Sexta-feira passada acordamos com a internet tomada pelo nome "Marcius Melhem". Uma matéria da revista Piauí revelou, em detalhes asquerosos, o que muita gente nos bastidores da rede Globo já sabia: Marcius, chefe do departamento de humor da emissora, era acusado de abuso sexual e moral por diversas mulheres.

Eu poderia entrar em vários assuntos aqui -o silêncio e conivência da Globo, a coragem da Dani Calabresa, como nós, mulheres, lemos a matéria sem surpresa nenhuma-, mas eu quero falar de um momento da entrevista que Marcius deu ainda na sexta-feira para o UOL.

O vídeo tem pouco mais de uma hora e é uma aula didática sobre o discurso do homem abusador. Ele admite erros, mas nunca fala quais são. Diz que está em um ano de desconstrução, que apoia a luta do feminismo, mas mesmo assim não consegue entender porque um grupo de mulheres assediadas adotou a estratégia de procurar a imprensa antes da Justiça.

Confessa que foi um homem tóxico, mas fala no passado, porque na visão dele, já não é mais. Ele chora, minha gente, porque está sendo tudo muito doloroso e injusto. Como assim não é Marcius que está controlando a narrativa do caso? Como ousam as mulheres controlarem qualquer coisa?

Mas o momento que mais me marcou da entrevista está no minuto 57. Melhem diz que recebeu um texto de algumas amigas (eu adoraria o link desse texto, inclusive), em que uma mulher escreve para homens acusados de abuso. Nesse momento, ele começa a chorar pela segunda vez (não preciso lembrar vocês que ele é um ator, né?), e relembra o suposto texto.

"Ela fala assim: é muito difícil para um homem ser acusado de abuso e assumir que em algum momento pode ter sido abusivo, porque a gente acha que pessoas abusivas são pessoas más. Mas a maioria das pessoas que comete algum abuso, são pessoas boas que fizeram coisas ruins. E pessoas boas fazem coisas ruins.
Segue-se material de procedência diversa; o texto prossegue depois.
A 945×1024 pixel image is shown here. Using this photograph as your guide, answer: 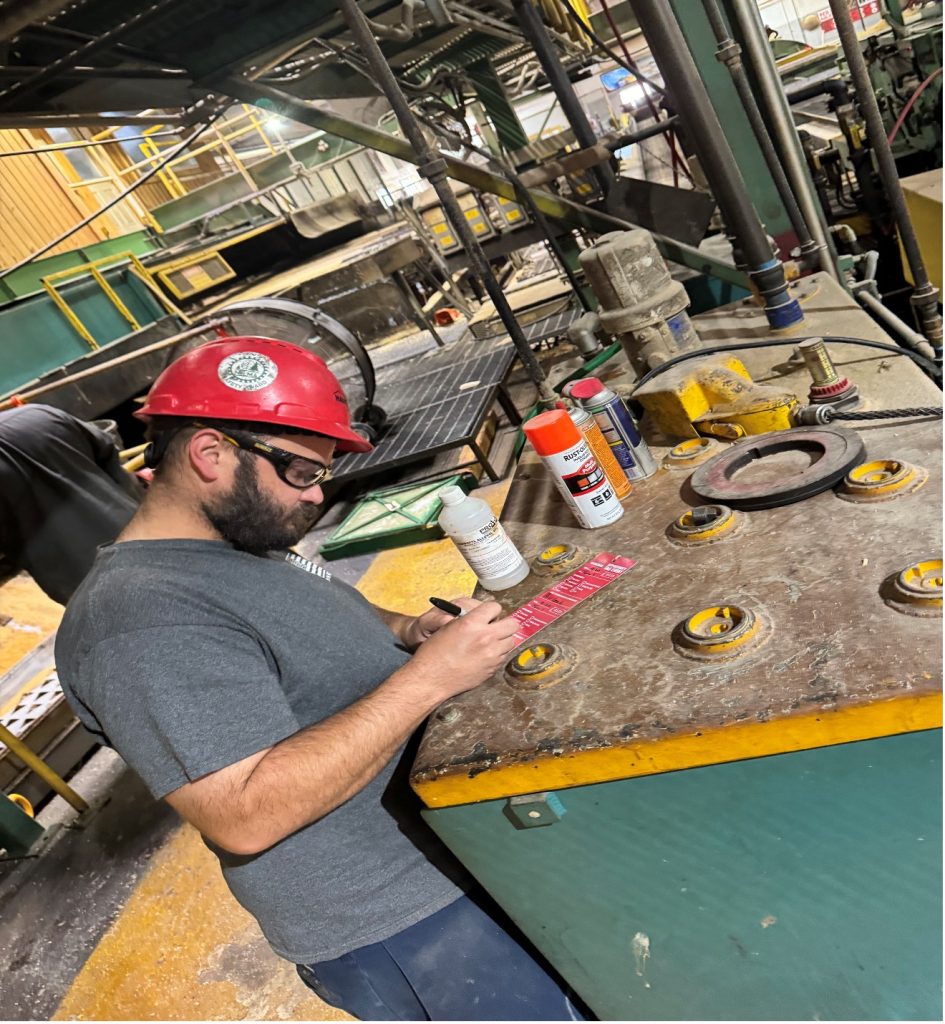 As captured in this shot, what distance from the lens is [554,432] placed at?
1.38m

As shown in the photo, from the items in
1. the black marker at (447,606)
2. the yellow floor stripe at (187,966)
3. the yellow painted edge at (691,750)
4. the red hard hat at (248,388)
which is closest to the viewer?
the yellow painted edge at (691,750)

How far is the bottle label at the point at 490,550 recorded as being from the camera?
54.9 inches

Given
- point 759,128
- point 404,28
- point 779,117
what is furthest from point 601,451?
point 404,28

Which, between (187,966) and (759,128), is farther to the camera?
(759,128)

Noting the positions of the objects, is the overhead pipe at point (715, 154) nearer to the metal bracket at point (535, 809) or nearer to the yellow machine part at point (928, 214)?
the metal bracket at point (535, 809)

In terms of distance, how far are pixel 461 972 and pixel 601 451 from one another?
1.17 m

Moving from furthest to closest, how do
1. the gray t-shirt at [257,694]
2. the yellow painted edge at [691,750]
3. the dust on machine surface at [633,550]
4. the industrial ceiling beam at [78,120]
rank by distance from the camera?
the industrial ceiling beam at [78,120] < the gray t-shirt at [257,694] < the dust on machine surface at [633,550] < the yellow painted edge at [691,750]

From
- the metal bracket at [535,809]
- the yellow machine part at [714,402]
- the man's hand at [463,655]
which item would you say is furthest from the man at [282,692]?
the yellow machine part at [714,402]

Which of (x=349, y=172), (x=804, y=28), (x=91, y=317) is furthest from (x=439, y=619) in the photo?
(x=804, y=28)

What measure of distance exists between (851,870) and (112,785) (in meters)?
3.43

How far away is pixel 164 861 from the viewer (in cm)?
267

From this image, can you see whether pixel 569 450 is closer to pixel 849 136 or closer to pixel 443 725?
pixel 443 725

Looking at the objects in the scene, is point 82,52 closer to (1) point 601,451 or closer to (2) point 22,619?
(1) point 601,451

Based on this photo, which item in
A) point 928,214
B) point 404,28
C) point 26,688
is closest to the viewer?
point 404,28
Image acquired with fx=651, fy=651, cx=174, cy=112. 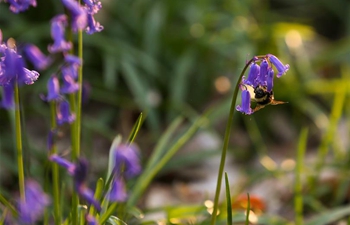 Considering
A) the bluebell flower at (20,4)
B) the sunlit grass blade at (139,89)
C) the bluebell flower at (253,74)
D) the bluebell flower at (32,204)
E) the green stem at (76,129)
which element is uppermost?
the sunlit grass blade at (139,89)

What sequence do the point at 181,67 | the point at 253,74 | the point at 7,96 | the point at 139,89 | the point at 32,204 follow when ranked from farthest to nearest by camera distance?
1. the point at 181,67
2. the point at 139,89
3. the point at 253,74
4. the point at 7,96
5. the point at 32,204

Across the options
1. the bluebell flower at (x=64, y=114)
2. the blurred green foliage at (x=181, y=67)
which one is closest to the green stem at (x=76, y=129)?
the bluebell flower at (x=64, y=114)

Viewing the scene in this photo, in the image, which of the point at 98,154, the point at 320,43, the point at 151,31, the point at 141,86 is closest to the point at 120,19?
the point at 151,31

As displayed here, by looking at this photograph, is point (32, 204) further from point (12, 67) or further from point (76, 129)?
Result: point (76, 129)

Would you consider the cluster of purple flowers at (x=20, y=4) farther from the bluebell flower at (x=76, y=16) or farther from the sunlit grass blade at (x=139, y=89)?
the sunlit grass blade at (x=139, y=89)

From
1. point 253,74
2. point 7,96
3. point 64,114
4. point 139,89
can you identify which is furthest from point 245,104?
point 139,89

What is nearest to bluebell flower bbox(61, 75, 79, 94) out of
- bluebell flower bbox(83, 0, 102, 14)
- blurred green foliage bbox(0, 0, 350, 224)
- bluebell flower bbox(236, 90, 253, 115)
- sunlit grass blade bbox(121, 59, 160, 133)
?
bluebell flower bbox(83, 0, 102, 14)

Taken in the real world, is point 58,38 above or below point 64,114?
above

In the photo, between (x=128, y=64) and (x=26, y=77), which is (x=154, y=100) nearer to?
(x=128, y=64)

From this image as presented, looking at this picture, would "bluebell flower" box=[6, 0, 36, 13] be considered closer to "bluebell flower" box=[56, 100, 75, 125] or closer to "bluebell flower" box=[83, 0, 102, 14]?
"bluebell flower" box=[83, 0, 102, 14] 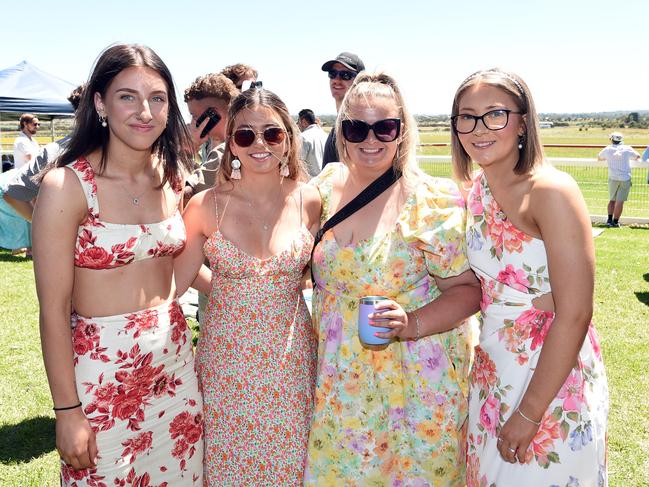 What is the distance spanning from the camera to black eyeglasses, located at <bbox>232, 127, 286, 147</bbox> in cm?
281

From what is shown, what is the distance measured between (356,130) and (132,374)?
144 centimetres

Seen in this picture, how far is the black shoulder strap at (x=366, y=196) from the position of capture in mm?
2699

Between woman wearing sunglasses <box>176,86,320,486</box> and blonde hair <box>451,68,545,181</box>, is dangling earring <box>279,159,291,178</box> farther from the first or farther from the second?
blonde hair <box>451,68,545,181</box>

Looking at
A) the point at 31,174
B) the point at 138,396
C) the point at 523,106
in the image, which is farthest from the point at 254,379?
the point at 31,174

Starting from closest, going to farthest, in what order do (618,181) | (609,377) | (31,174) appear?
(31,174) < (609,377) < (618,181)

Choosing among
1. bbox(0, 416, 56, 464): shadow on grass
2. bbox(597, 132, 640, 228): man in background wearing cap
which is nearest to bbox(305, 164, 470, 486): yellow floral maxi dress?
bbox(0, 416, 56, 464): shadow on grass

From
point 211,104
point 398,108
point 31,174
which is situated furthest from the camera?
point 31,174

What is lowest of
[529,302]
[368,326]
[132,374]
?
[132,374]

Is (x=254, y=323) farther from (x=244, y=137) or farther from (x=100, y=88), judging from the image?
(x=100, y=88)

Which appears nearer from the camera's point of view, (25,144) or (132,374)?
(132,374)

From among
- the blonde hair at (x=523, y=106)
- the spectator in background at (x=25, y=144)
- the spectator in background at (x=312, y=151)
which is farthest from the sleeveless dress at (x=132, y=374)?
the spectator in background at (x=25, y=144)

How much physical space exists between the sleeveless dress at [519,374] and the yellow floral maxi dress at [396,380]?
16cm

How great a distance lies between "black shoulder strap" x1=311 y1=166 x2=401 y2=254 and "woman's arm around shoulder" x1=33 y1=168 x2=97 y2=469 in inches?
42.7

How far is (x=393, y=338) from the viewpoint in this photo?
2.46 metres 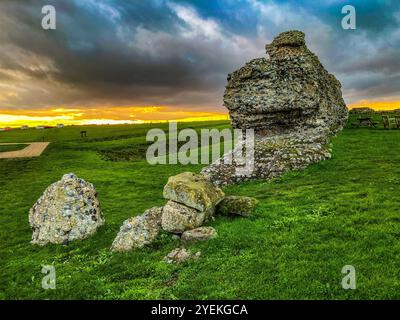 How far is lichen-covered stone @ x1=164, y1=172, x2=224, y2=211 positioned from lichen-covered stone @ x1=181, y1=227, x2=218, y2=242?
151 cm

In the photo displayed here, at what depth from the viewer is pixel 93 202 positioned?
21438mm

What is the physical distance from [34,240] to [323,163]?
2229 cm

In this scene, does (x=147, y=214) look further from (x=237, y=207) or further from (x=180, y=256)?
(x=237, y=207)

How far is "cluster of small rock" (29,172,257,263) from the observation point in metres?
17.5

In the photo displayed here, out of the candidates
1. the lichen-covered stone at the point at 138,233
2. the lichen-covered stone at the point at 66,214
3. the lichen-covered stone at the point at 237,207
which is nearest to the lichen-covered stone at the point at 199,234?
the lichen-covered stone at the point at 138,233

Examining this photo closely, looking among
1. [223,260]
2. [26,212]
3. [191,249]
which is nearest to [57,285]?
[191,249]

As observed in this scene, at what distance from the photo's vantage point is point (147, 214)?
19203 millimetres

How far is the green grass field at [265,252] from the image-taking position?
39.3ft

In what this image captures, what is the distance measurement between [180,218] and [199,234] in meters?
1.63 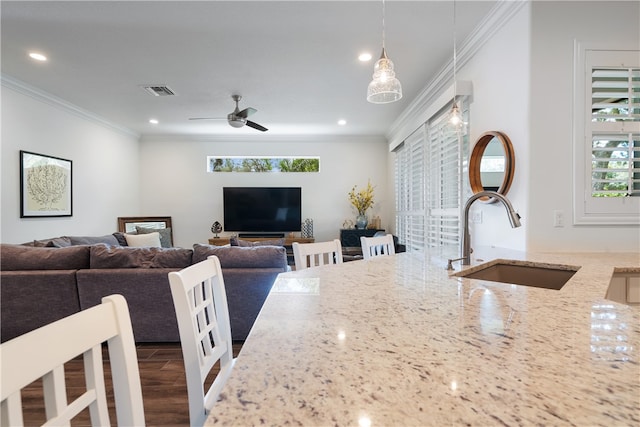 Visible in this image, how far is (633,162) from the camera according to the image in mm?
2146

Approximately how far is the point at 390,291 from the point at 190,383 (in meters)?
0.70

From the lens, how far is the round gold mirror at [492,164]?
2.34 meters

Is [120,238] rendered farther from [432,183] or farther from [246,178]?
[432,183]

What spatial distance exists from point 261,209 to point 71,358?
580 cm

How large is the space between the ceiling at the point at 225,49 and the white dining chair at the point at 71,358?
246cm

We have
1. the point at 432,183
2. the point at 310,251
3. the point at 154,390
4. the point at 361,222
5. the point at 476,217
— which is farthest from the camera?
the point at 361,222

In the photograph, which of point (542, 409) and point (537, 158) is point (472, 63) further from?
point (542, 409)

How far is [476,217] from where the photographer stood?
2.84 m

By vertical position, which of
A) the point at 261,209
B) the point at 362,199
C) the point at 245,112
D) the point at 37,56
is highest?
the point at 37,56

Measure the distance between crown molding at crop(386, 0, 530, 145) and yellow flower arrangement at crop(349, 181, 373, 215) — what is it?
1710 mm

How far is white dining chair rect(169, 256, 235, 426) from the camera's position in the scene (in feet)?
3.12

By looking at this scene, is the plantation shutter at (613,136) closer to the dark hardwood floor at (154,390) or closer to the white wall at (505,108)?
the white wall at (505,108)

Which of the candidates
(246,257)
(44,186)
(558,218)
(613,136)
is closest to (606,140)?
(613,136)

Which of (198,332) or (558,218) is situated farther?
(558,218) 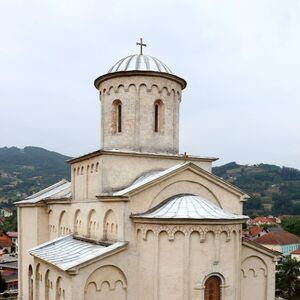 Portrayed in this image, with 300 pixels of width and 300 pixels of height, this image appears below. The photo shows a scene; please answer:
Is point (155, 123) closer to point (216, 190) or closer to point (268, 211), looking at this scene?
point (216, 190)

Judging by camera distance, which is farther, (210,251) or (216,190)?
(216,190)

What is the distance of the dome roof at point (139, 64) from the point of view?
18.6 meters

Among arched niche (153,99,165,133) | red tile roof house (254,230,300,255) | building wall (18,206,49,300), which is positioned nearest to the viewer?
arched niche (153,99,165,133)

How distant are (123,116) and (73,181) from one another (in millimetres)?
4174

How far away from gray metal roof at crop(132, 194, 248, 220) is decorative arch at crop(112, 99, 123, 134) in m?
4.87

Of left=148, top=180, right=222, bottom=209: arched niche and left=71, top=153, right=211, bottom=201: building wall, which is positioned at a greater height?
left=71, top=153, right=211, bottom=201: building wall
E você não é o que você fez".

MINHAS AMIGAS, o homem passou a entrevista inteira tentando nos convencer de que ele não é um abusador por diversas coisas que ele fez ou deixou de fazer, mas ter abusado moral e sexualmente de seis mulheres não define quem ele é?

Se você não é o que você faz, Marcius Melhem, você é O QUÊ? Ou essa afirmação só vale quando o que você fez foi cometer crimes? Se você fez algo legal, então aquilo é quem você é. Mas se expôs seu pênis ereto para uma mulher, aí não, foi apenas um ato ruim de uma pessoa boa.

O que você faz é EXATAMENTE quem você é. Você foi incapaz de assumir qualquer erro simplesmente porque você não acredita que errou. Você acha que todas as mulheres são burras e é do alto dessa arrogância e ignorância que você afirma que essas acusações deveriam ser tratadas em segredo de justiça e não no Instagram.

Não, o segredo acabou para vocês, abusadores. A gente vai tratar desses casos em público, porque a mudança precisa ser na sociedade inteira, todo mundo precisa saber que essas coisas acontecem. Guarda em segredo com os teus parças as merdas que você faz, porque nós, mulheres, não aguentamos mais o silenciamento. Sempre que possível, a gente vai gritar pra todo mundo ouvir, porque só assim alguma coisa tem a chance de mudar.

É difícil ter a vida interrompida e exposta, né Marcius? Agora você sabe um pouquinho como mulheres abusadas se sentem todos os dias. Sugiro mergulhar na sua própria lama por mais um tempo e talvez ficar por lá, porque você ainda não aprendeu nada e, pelo visto, nem está disposto a aprender.